Samaritan Aramaic, or Samaritan, is the dialect of Aramaic used by the Samaritans in their sacred and scholarly literature. This should not be confused with the Samaritan Hebrew language of the Scriptures. It ceased to be a spoken language some time between the 10th and the 12th centuries. In form it resembles the Aramaic of the Targumim, the Aramaic word for "interpretation" or "paraphrase", and is written in the Samaritan alphabet. Important works written in Samaritan include the Samaritan translation of the Samaritan Hebrew Pentateuch in the form of the targum paraphrased version. There are also legal, exegetical and liturgical texts, though later works of the same kind were often written in Arabic.

Exodus XX.1-6:

  1. Umellel Elâ'e yet kel milleyya aalen elmimar.
  2. Ana Šema Eluek deppiqtek men ara Mişrem mibbet awadem.
  3. La ya'i lak ela'en uranem al eppi.
  4. La tewed lak efsel ukel demu debšumeyya millel wedbaraa millera wedbameyya millera laraa.
  5. La tisgad lon ula tešememminon ala anaki Šema elaak el qana fuqed ob awaan al banem wel telitaem wel rewi'a'em elsenai.
  6. Wabed esed lalafem elra'emi welnateri fiqqudi.

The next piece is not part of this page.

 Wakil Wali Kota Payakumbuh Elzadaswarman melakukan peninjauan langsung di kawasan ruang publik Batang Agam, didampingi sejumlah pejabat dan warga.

Notice the similarities with Judeo-Aramaic as found in Targum Onqelos to this same passage (some expressions below are paraphrased, not literally translated):

  1. וּמַלֵּיל יְיָ יָת כָּל פִּתְגָמַיָּא הָאִלֵּין לְמֵימַר
  2. אֲנָא יְיָ אֱלָהָךְ דְּאַפֵּיקְתָּךְ מֵאַרְעָא דְּמִצְרַיִם מִבֵּית עַבְדוּתָא
  3. לָא יִהְוֵי לָךְ אֱלָהּ אָחֳרָן, בָּר מִנִּי
  4. לָא תַּעֲבֵיד לָךְ צֵילַם וְכָל דְּמוּ דְּבִשְׁמַיָּא מִלְּעֵילָא וְדִבְאַרְעָא מִלְּרַע וְדִבְמַיָּא מִלְּרַע לְאַרְעָא
  5. לָא תִּסְגּוֹד לְהוֹן וְלָא תִּפְלְחִנִּין אֲרֵי אֲנָא יְיָ אֱלָהָךְ אֵל קַנָּא מַסְעַר חוֹבֵי אֲבָהָן עַל בְּנִין מָרָדִין עַל דָּר תְּלִיתַאי וְעַל דָּר רְבִיעַאי לְסָנְאָי כַּד מַשְׁלְמִין בְּנַיָּא לְמִחְטֵי בָּתַר אֲבָהָתְהוֹן
  6. וְעָבֵיד טֵיבוּ לְאַלְפֵי דָּרִין לְרָחֲמַי וּלְנָטְרֵי פִּקּוֹדָי

(NOTE: NEW BOOK ON TARGUM AVAILABLE "THE TARGUM: A CRITICAL INTRODCUTION" BY BRUCE CHILTON)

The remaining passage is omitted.